* Stored data:
***
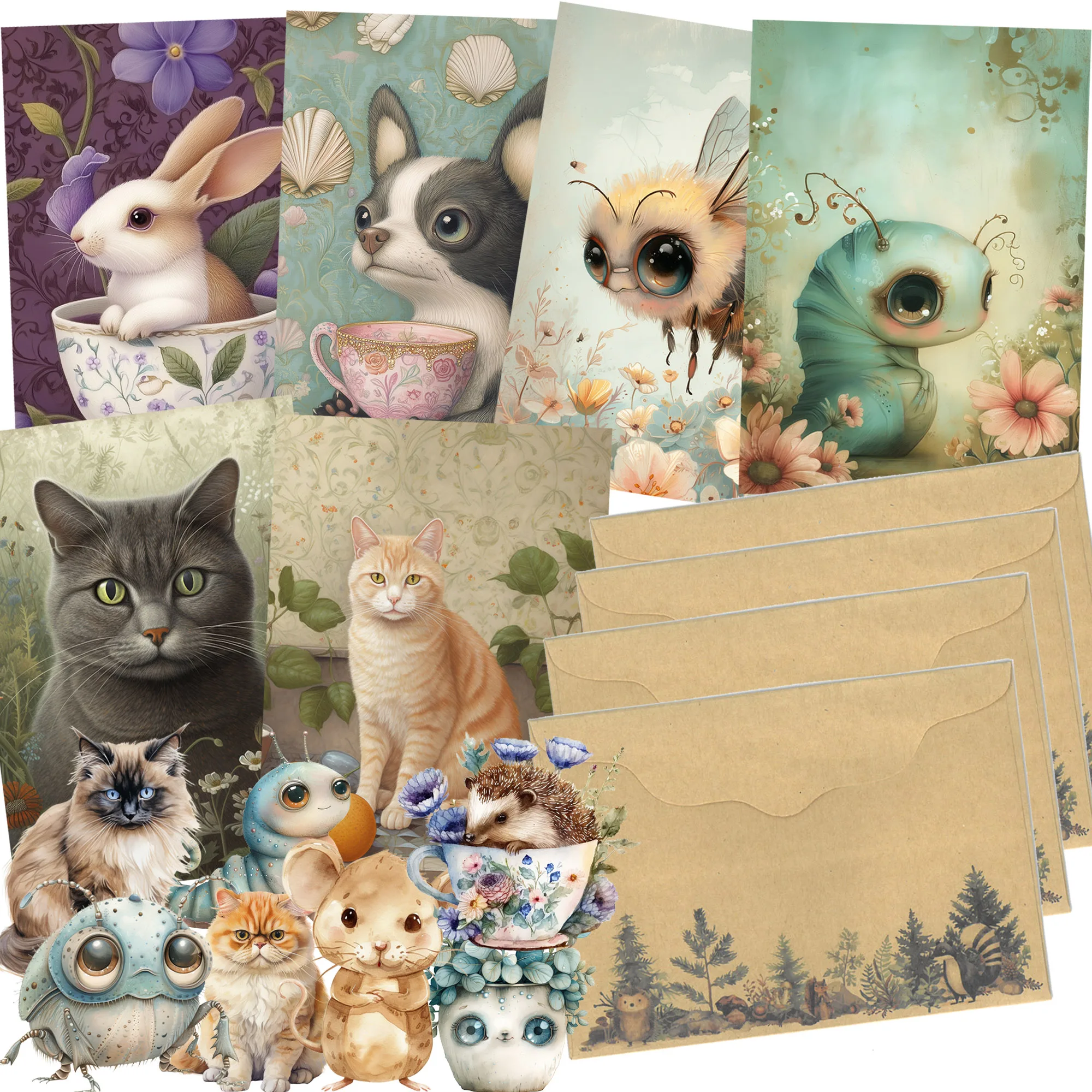 Stickers Scrapbooking Supplies Journal Tools Set 54pieces Flower Animal Tea Time Thick Postcard Set With Envelopes and Stickers for Scrapbooking Junk Journal Kits Craft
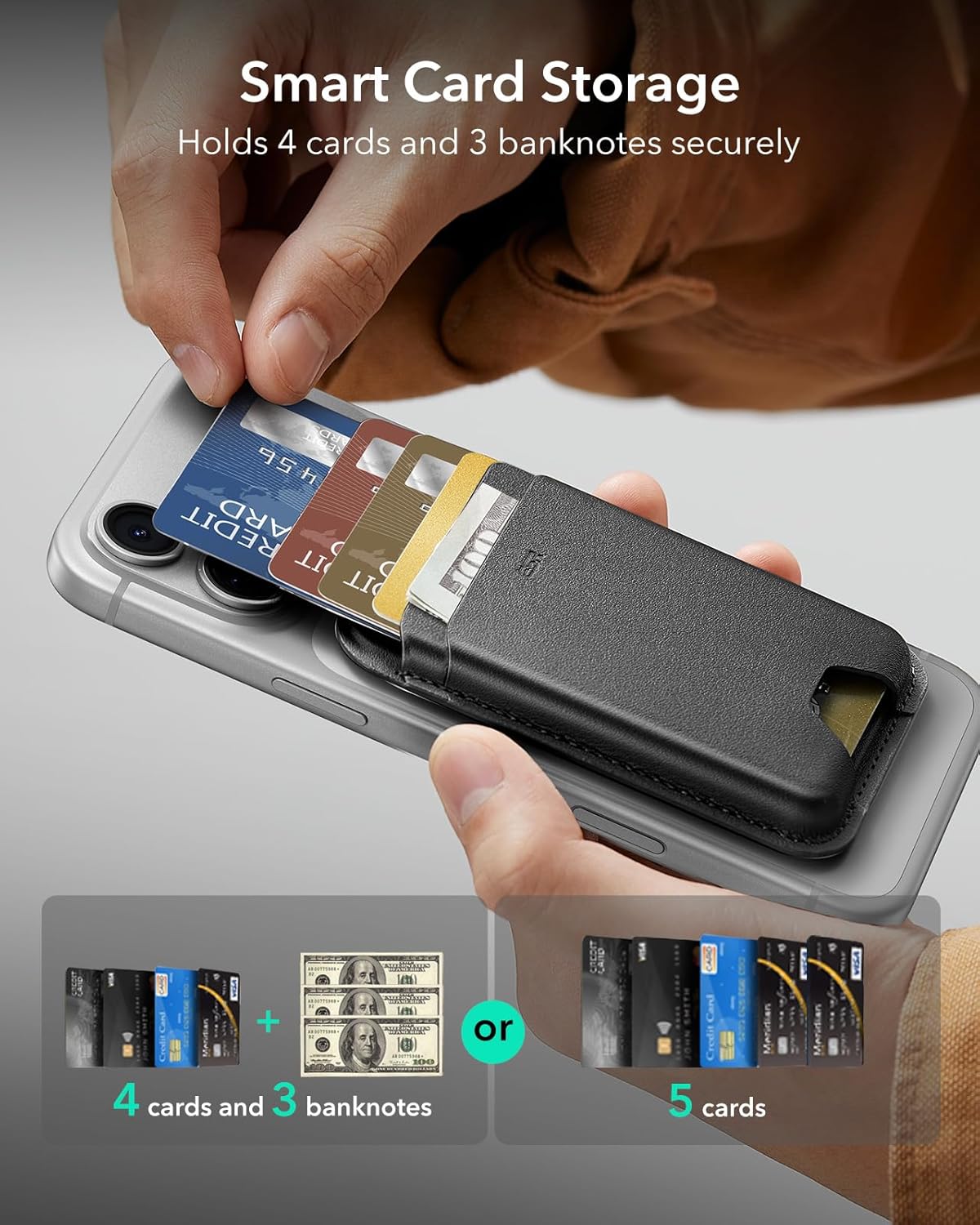 MagSafe Wallet: 5-Card Holder with RFID Blocking & Magnetic Sticker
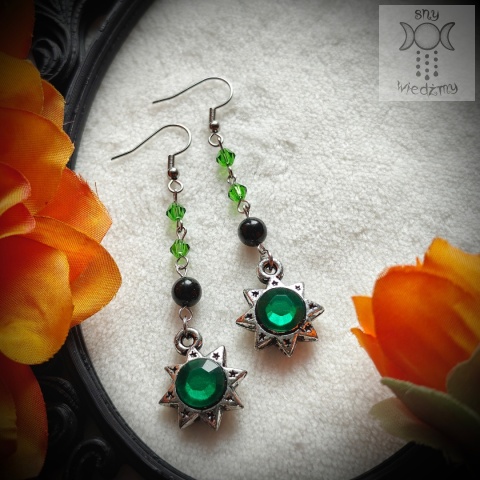 Kolczyki Crystal Sun Emerald szmaragd nilu słońce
***
* Problem statement: Could the material above be written out again word for word, with the pictures dropped?

* Answer box:
 Stickers Scrapbooking Supplies Journal Tools Set 54pieces Flower Animal Tea Time Thick Postcard Set With Envelopes and Stickers for Scrapbooking Junk Journal Kits Craft
 MagSafe Wallet: 5-Card Holder with RFID Blocking & Magnetic Sticker
 Kolczyki Crystal Sun Emerald szmaragd nilu słońce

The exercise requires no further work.